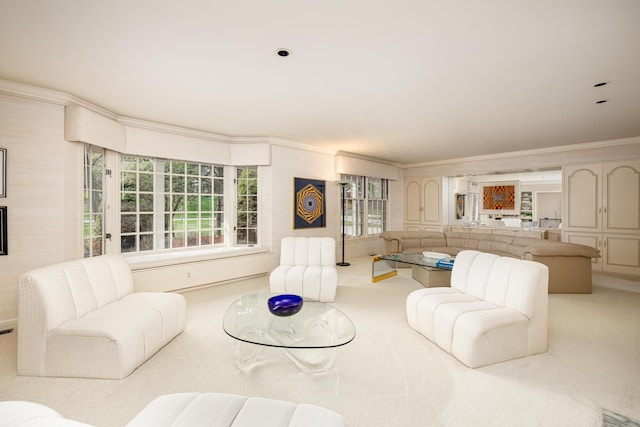 1060 Chestnut St, Ann Arbor, MI 48104 - living room featuring ornamental molding and carpet floors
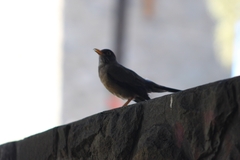 Turdus falcklandii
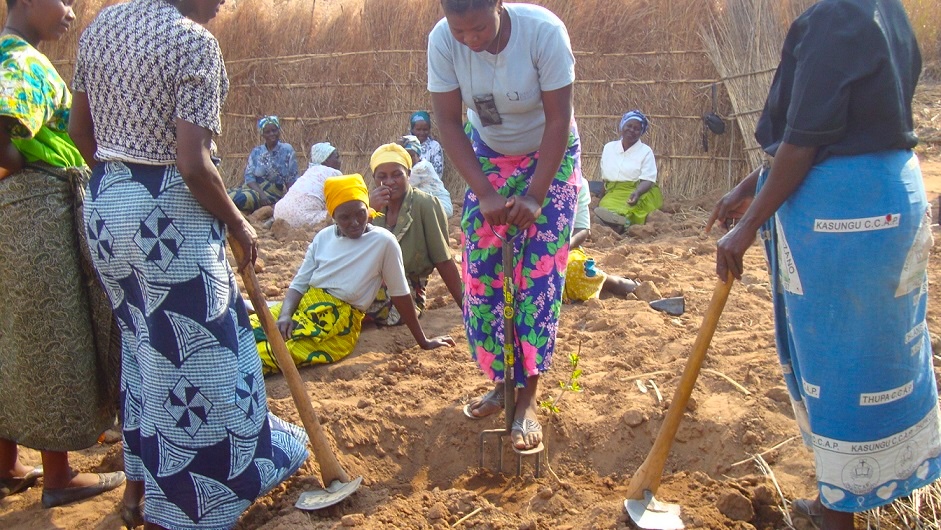 A group of women observe an agricultural demonstration in Malawi.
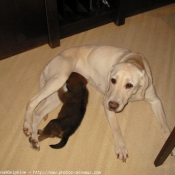 Photo de Labrador retriever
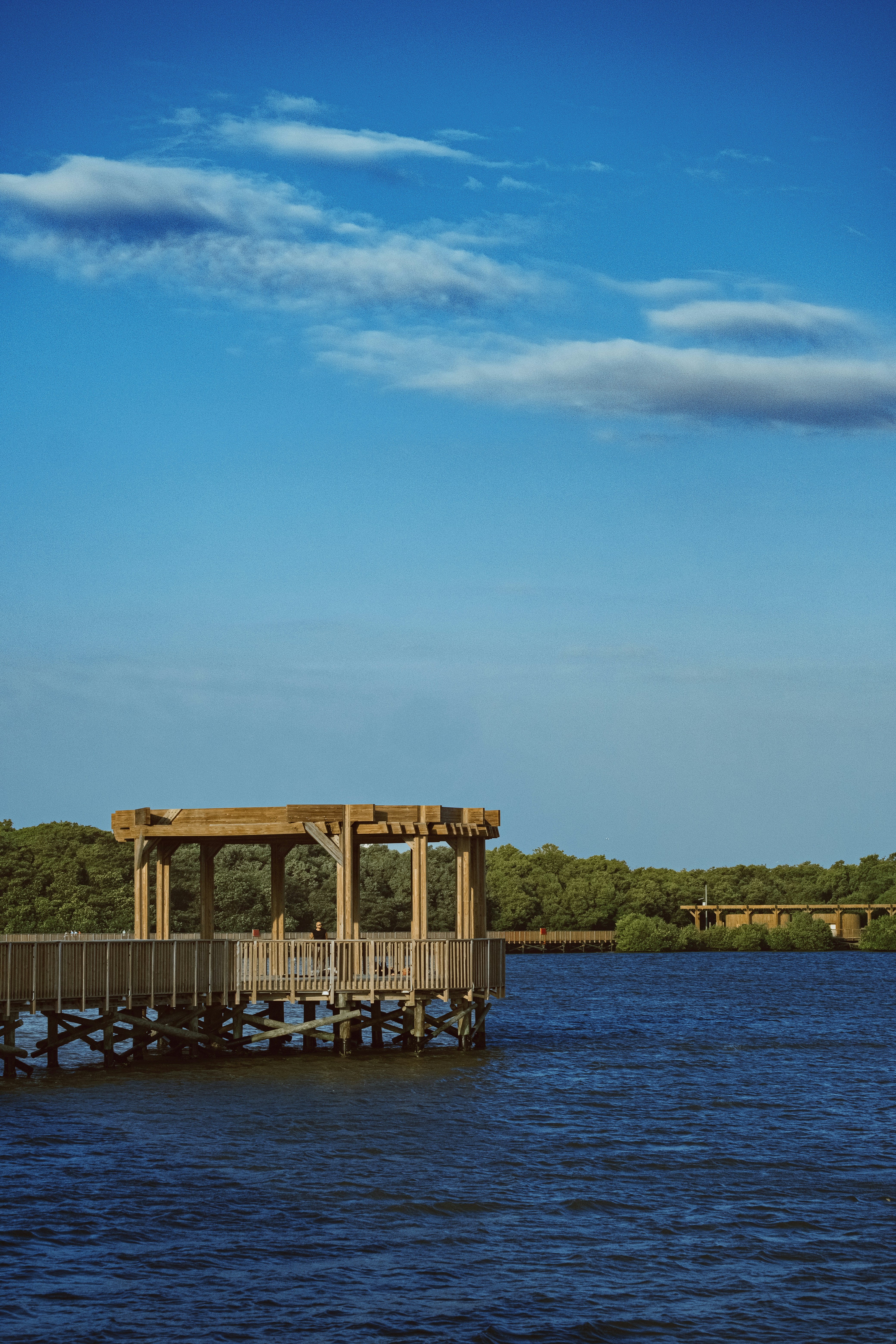 Photo by esmcreativo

# # # # #

WORK INSTRUCTIONS:
Write out the records once more, word for word, though without the pictures they contain.

ANSWER:
 1060 Chestnut St, Ann Arbor, MI 48104 - living room featuring ornamental molding and carpet floors
 Turdus falcklandii
 A group of women observe an agricultural demonstration in Malawi.
 Photo de Labrador retriever
 Photo by esmcreativo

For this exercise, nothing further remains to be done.